Nod. I'm sure the other forums don't want people ignoring their rules, either. It's hard to keep up with them but I would guess that a lot of them have gone through similar processes restructuring to cut the chaff out. There's probably not a lot of legitimate places to go have an argument about aliens these days. Asterisk was one of the last.
Is it possible to change my username?
I don't believe that the Change Display Name option is enabled on the Forum.
If you can send me a PM with the change you'd like to make, I will get the backroom team to amend it.
Ok admins...
Feel stupid bringing this up this way... but then... here goes.
Maybe nobody else noticed it; good eye!
There's an ESA logo on that slide, so my assumption would be that it was intentionally released by them. Don't see any reason not to discuss it.
(Disclaimer: I'm just a mod, not an admin.)
Why would the Rosetta team not want images it presents at a press briefing discussed, and published? They pointed out that in landing at site J, the chosen landing site, Philae would be within sight of those vents and hopefully see them in action. Hopefully there will be no "hole in one" as with Opportunity!
Was just surprised I did not see these among the released images published in the ROSETTA blog. Do not want to rock a boat and have them clamp down even more.
Images really are cool.....
Not a people person and sometimes I do not have much sense!
Will still wait for am admin to reply here...

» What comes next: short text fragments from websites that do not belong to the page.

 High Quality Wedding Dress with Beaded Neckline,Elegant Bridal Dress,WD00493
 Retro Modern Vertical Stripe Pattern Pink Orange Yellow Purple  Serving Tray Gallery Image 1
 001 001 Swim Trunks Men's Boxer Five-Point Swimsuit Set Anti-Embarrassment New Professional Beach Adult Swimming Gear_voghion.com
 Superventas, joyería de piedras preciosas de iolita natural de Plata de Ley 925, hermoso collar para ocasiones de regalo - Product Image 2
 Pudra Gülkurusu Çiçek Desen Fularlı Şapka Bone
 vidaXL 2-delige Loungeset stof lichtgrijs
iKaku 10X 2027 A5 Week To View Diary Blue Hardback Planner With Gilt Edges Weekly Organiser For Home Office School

Well BBC News release has imbedded video where Imaging Lead Holger Sierks outlines these vent zones.. so will post to our ROSETTA
If ESA has released it then it's open for discussion.

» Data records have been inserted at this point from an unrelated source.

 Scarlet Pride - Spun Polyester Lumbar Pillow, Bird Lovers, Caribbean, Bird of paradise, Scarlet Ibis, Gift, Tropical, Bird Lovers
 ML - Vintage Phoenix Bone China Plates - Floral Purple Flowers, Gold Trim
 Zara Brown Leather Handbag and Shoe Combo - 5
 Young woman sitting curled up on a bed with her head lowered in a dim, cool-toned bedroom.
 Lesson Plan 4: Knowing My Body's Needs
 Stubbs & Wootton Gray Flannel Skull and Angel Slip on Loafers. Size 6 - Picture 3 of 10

Is there a way to send PMs to multiple recipients, or do you have to create a separate PM for each one?
Not an admin, but I know this one. If you go to the 'compose message' option you'll see a box where you can CC up to six other members, Tom.
Thanks Nick, but I don't see a cc field when I click on "compose new message."

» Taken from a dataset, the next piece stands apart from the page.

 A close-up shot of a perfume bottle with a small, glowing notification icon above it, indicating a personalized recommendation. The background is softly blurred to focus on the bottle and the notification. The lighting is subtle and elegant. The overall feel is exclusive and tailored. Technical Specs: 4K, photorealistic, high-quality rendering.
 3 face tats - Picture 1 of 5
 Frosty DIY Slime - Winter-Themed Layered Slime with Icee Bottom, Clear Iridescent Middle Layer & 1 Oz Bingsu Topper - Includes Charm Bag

There's a field for "recipient," and next to it is a drop-down menu that says "other," with one item in the menu. Choosing "other" doesn't do anything, and the one item in the menu is the name of a user who has posted 4 times (I might have a dim recollection of sending him a PM about something 8 or 9 years ago).
I tried putting multiple usernames in the "recipient" field, separated by commas, but the system rejected it.
Sorry to be bringing this up on the eve of Pluto closest approach; I'll understand if there's a delay in responding.
Huh. No worries, but I'm confused. When I select "Compose New Message" I get this, with a field below the recipient bar for CCs:
Yeah, I've seen such a cc box on other boards, but not here. I've looked through my old PMs, including ones involving a meet-up in NYC in 2008, and don't see any with multiple recipients.
Same result with current versions of Chrome & Firefox for Mac. Although I am running an older version of Mac OS, 10.6.8.
Ugh, I hope it doesn't come down to an OS specific quirk.
I also don't see multiple recipients enabled as an option. Nick, perhaps being a moderator grants you super powers?
Yeah, I thought about that--I don't know. Hopefully a more knowledgable admin or mod will chime in here.
It's likely a spam-limiting option.
Hi,
I am a new member of the forum and joined to be able to share with the members an open-source software that was created by AMNH in collaboration with NASA JPL and Linkoping University.
The capabilities of our open-source software really ties in with what is discussed and created in this thread (and more):
http://www.unmannedspaceflight.com/index.php?showtopic=7986&st=645
As it is an open-source software that is 100% free to use I wasn't sure whether or not it violates 6.1 of Rules and Guidelines - "Blatant advertising on the Forum is not permitted..."
We really want to share what we have with the members here as we have been frequently been visiting many of the threads in hope of broadening our visualization, but, I want to make sure we follow the rules of the forum before we put up any links.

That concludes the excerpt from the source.